On the other hand, in STT-MRAMs, due to the long latency associated with STT switching, the write pulse width dominates the write latency. Therefore, for write performance optimization, the write pulse width should be reduced. In order to have a fair comparison, we reduced the write pulse width of all three ECC configurations to 6ns and optimized the cache for performance. It can be observed from Figure 10 (b) that if the write pulse duration is equal to 6ns instead of 8ns, the probability of write failure increases for a fixed access transistor width. In order to compensate for this increased probability of failure, the access transistor can be upsized to ensure complete STT switching. However, upsizing the access transistor negatively impacts the read performance. Therefore, there is a tradeoff between the read performance and the write performance.
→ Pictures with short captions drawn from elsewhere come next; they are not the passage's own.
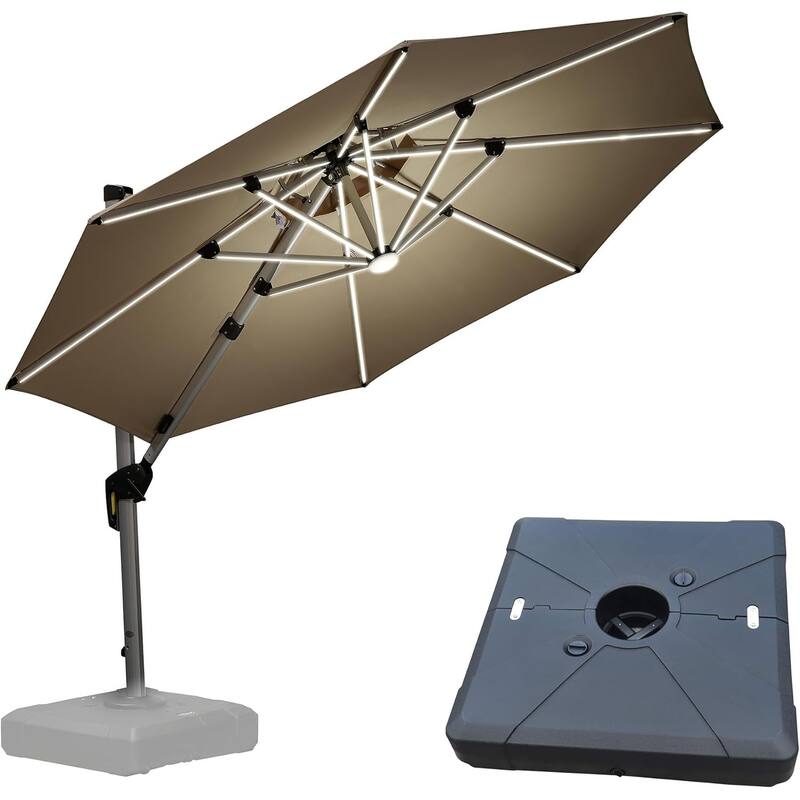 PURPLE LEAF 10 ft Double Top LED Round Patio Cantilever Umbrella with Base - Beige
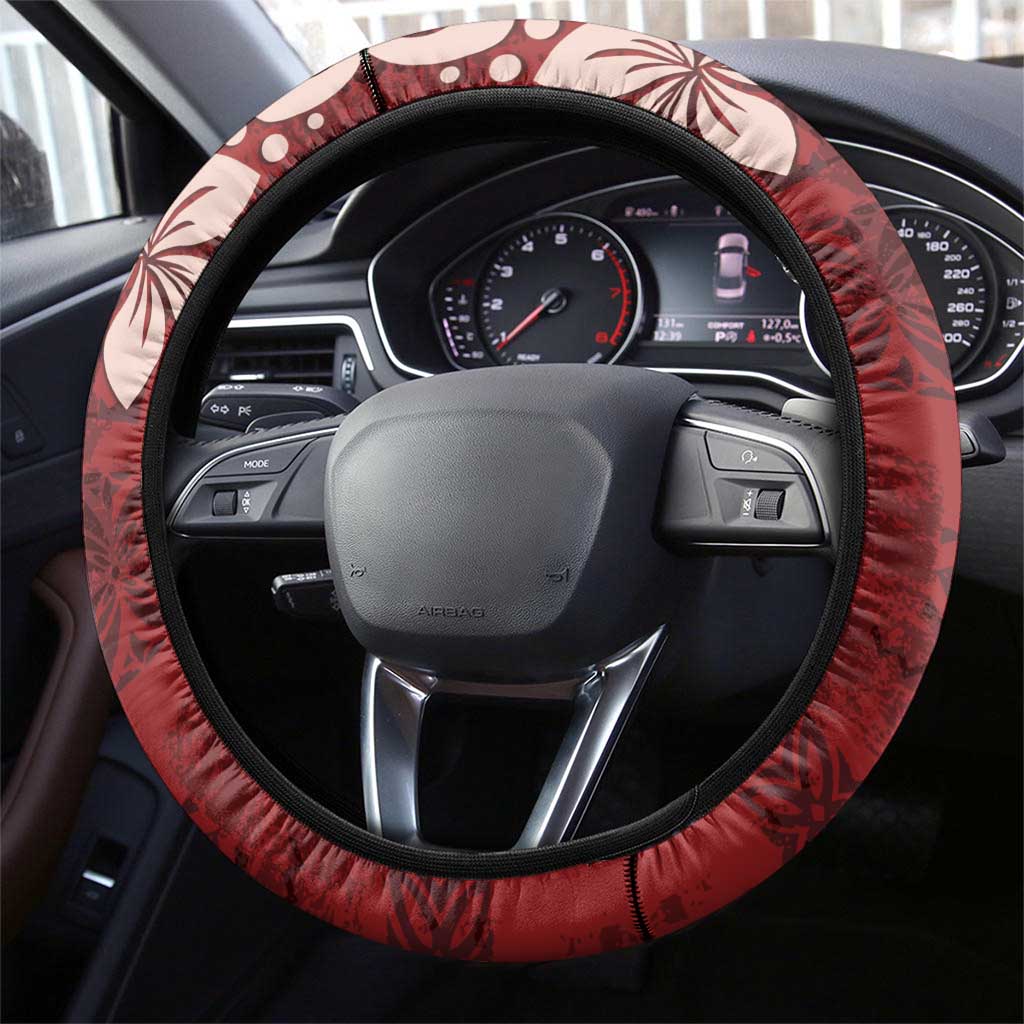 Plumeria Floral Tapa Pattern Oxblood Red Steering Wheel Cover LT01 - Polynesian Pride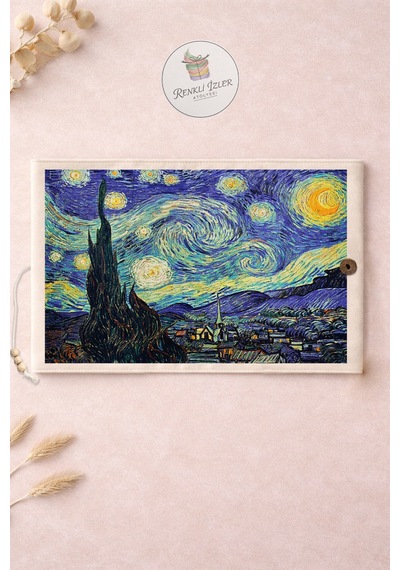 Kitap Kılıfı Ve Metal Kitap Ayracı Seti Van Gogh Yıldızlı Geceler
Figure 14 depicts the area and read/write latency for a cache with different ECC configurations. As observed, the read latency of FaECC is 16% less than that of the cache with SECDED and 11% less than that of the cache with DECTED. Furthermore, the area is 19% and 14% less than that of SECDED and DECTED, respectively.
CONLUSION
In this article, we analyzed the impact of process variations on the run-time reliability of STT-MRAM memory arrays. Furthermore, we analyzed the efficacy of ECC in relaxing the E B requirement of the MTJ under process variations. We also analyzed the efficacy of ECC on yield enhancement and run-time reliability. Our results showed that if SECDED is used for yield enhancement besides run-time reliability, it may be difficult to have a more relaxed value of E B (better write current). Thus, we proposed using FaECC in which permanent faults are masked while maintaining its correction capability for soft errors. In order to analyze the efficacy of FaECC, we developed a simulation framework that considers different levels of design abstraction. Using the simulation framework, we performed a case study of a 1MB cache in 32nm Technology node. We showed that in our proposed scheme, the area of the memory array is reduced up to 20% compared to a cache with SECDED and up to 13% compared to a cache with DECTED, at iso-reliability. Furthermore, the write energy can be reduced up to 21% and 11% compared to caches with SECDED and DECTED correction capabilities, respectively.